Vehicle Comparisons

Peugeot 308

Peugeot 308

Want something that's a bit more mature than the usual hot hatch brigade but which can still show you a good time on the right road? Look no further than Peugeot's improved 308 GT in that instance. Available in hatch or estate, with a 180PS diesel or a 205PS petrol engine, it's direct but discreet.

There are two variants of the 308 GT to consider. Should you prefer a car that drinks from the black pump, there's the 2.0-litre diesel model. This packs 180PS at 3,750rpm and offers maximum torque of 400Nm at 2,000rpm. It's mated to a new eight-speed automatic gearbox. Go petrol and you're looking at a four-cylinder 1.6-litre THP 205 Stop&Start petrol engine. You stir the stick yourself here, with a six-speed manual gearbox to make the most of its 285Nm of torque, available between 1,750 and 4,500rpm.

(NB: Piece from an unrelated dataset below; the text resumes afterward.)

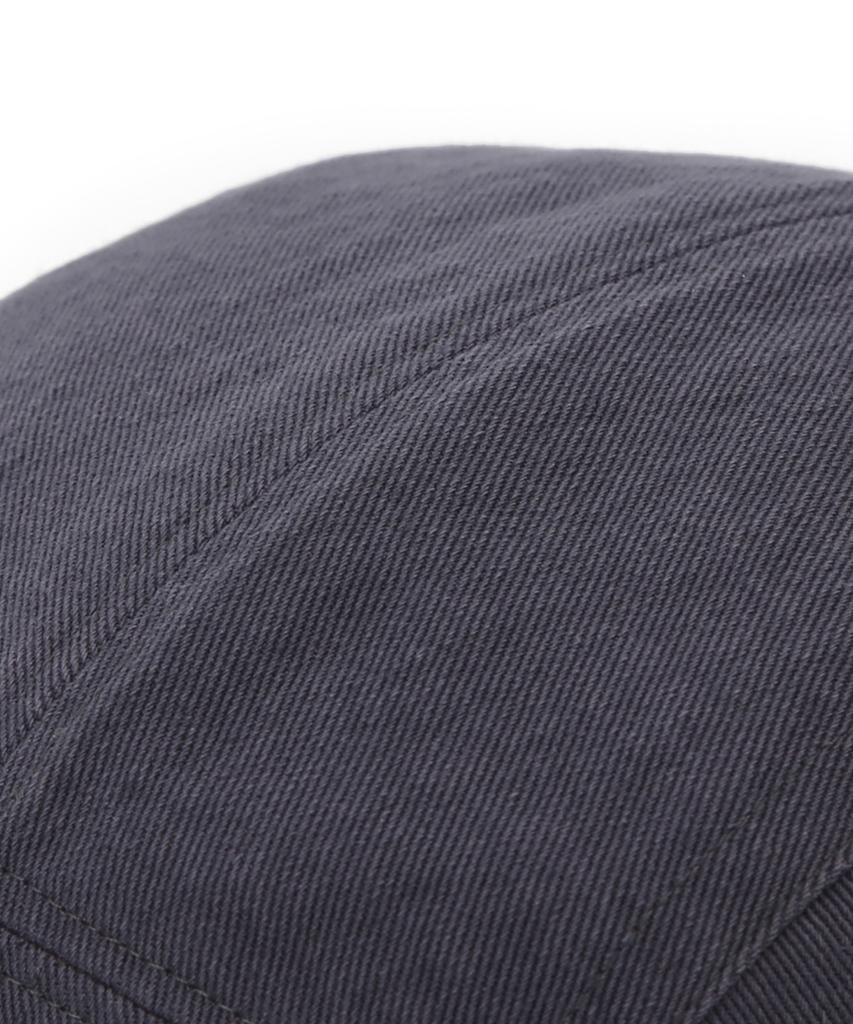 Eondeokeonteulol All-Season Washed Cotton Camp Cap Adjustable Brimless Watch Cap Unisex Beanie Hat Uc / Mold Cap / Camp / Washed Bl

The 308 GT's suspension set-up features pseudo MacPherson at the front, and a torsion beam rear, stiffened by between 10 and 20 per cent depending on model. Passive dampers are fitted with hydraulic bump stops for reduced noise. The steering is a variable electric setup and the rubberwear comes courtesy of Michelin and its excellent Pilot Sport 3s. The brakes are big 330mm discs up front, gripped by floating callipers. At the rear, the discs are 268mm diameter on 308 GT and 290mm on the alternative 308 GT SW estate body shape. Both engine types have a switchable ESP stability control system as standard.

That Peugeot hasn't gone over the top with the sporty design cues ought to be welcomed. This isn't a gussied up special for youngsters who want the looks but can't afford the insurance. It's something a bit more mature, for those who want a discreet but fast car. There are some subtle upgrades, such as the black lacquered door mirrors, the side sill finishers, the 18-inch 'Diamant' wheels, a lacquered black rear diffuser and twin exhaust pipes.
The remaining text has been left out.